Delta F = 1/2Ne = 1/8000 = 0,000125 = 0,0125%
Wat heb je hierbij aangenomen, en is dat terecht?
Dat alle dieren meedoen aan de reproductie, en nee dat is niet terecht want dat gebeurt niet.
De Schapendoes is een werk- en gezinshond en wordt op een aantal kenmerken beoordeeld voor deze als fokdier gebruikt mogen worden. In het ras komt een recessief overervende oogafwijking voor. Stel er is een kandidaatgen gevonden voor deze afwijking en 1500 dieren blijken drager te zijn, 2000 zijn vrij en 500 worden uiteindelijk blind. De afwijking komt in reuen en teven even vaak voor. Hoe zou je te werk gaan om de erfelijke afwijking kwijt te raken?

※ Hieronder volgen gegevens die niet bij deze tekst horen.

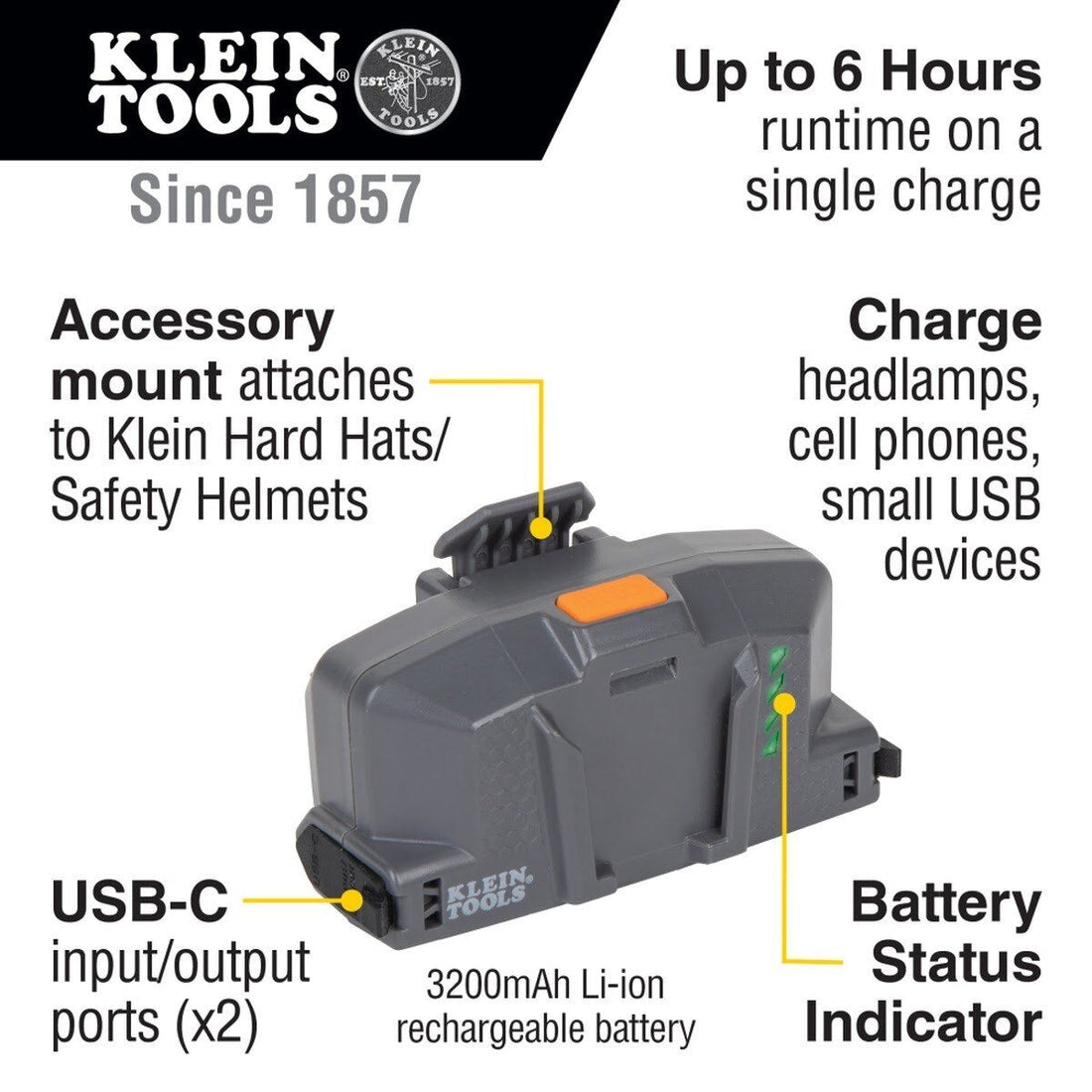 Klein 29025 Modular Rechargeable Battery for Hard Hat Cooling Fan and USB-C Devices (USB-C Cable)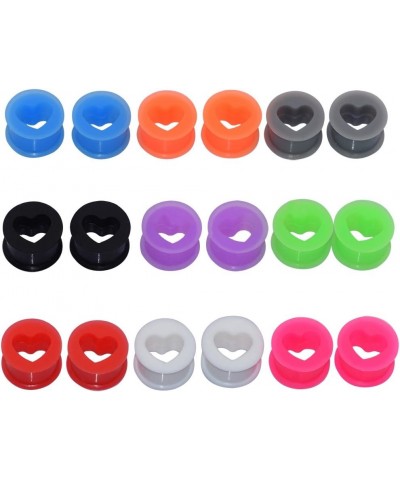 Silicone Gauges Set Hard & Soft Colorful Tunnels for Ears Stretching Earrings 6G-25mm 18 PC Hard | Heart | 20mm(3/4") $8.79 B...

Het uitsluiten van alle dragers en lijders in een generatie levert een te grote bottleneck op. Je doet dit dus in 3 stappen:
1. Uitsluiten homozygote reuen
2. Uitsluiten homozygote reuen en teven
3. Uitsluiten van dragers
Uit nader onderzoek is gebleken dat het kandidaat gen niet de afwijking veroorzaakt, maar een gen wat er vlakbij ligt. Beïnvloedt deze informatie je antwoord bij c?
Alleen als de mate van koppeling tussen de twee genen laag is.